Saturday, June 7, 2014

7th June - Jackson, Tennessee

The Americans do things big - and that includes the weather. I took a cursory glance at the forecast as I left Eureka Springs. Wet weather arriving in the afternoon. I left in the morning with temperatures already close to 30C again. The roads through the Arkansas Ouachita mountains were fabulous. Twisting, mountain roads through forests and rivers punctuated with weatherboard villages that offered nothing but local services - no sign of national chains here.

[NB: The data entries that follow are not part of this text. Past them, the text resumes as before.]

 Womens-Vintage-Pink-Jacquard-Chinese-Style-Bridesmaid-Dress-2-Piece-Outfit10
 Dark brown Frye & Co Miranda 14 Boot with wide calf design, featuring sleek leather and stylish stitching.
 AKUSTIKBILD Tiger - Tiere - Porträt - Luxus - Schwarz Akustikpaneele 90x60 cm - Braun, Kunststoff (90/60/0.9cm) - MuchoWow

I was heading for Memphis. Knowing the weather was going to turn I got onto the interstate highway. I could see the clouds gathering behind me. The clear, white sky began to become a darker and darker blue. No worries I thought as I was making progress on the interstate ahead of the storm. Twenty miles from Memphis - the interstate sign flashes "Roadworks, delays. Find alternate routes". Before I could think I was stationary. Discovered filtering through traffic is a sin in the US. Didn't stop me but did slow me down. And then the rain caught up. I arrived sodden - but this would only be a taster of what the weather could really unleash. 

The reason I was in Memphis was of course to learn more about the great man. No not Elvis but Martin Luther King who was shot dead there.



At this very spot, on this balcony at the Lorraine Motel in downtown Memphis (blacks only and very similar to the sort of places I have been staying), King was shot (see wreath) . The killer - James Earl Ray - was later caught at Heathrow airport. The Motel has been turned into a Civil Rights Museum tracking the fight from the beginning of slavery through the American Civil War to King and onto today. Moving and inspirational.

Conscious that today's forecast was as yesterday - but worse, I headed off for Jackson, Tennessee about a hundred miles north east. It was starting to rain but I got into the hotel ok. Turned the TV to hear an alarm and repeated message.

This was a major thunderstorm and Jackson was dead centre on its path. Advice was "if unable to get shelter - find a ditch and curl up into a ball". Looking out the window didn't look good either.


And then it hit..


Sheets of torrential, horizontal rain, lightning and gale force winds - alarms going off, flagpoles bending. Daylight turned to night in moments. The worst storm I have experienced (luckily I was watching from a hotel room).

Final words of the day to Mr King - his request for the funeral was (there was speculation that he knew his day had come) "..not to mention that I have a Nobel Peace Award...That's not important...I'd like somebody to mention that Martin Luther King tried to give his life serving others...I want you to say that I tried to love and serve humanity". A great man.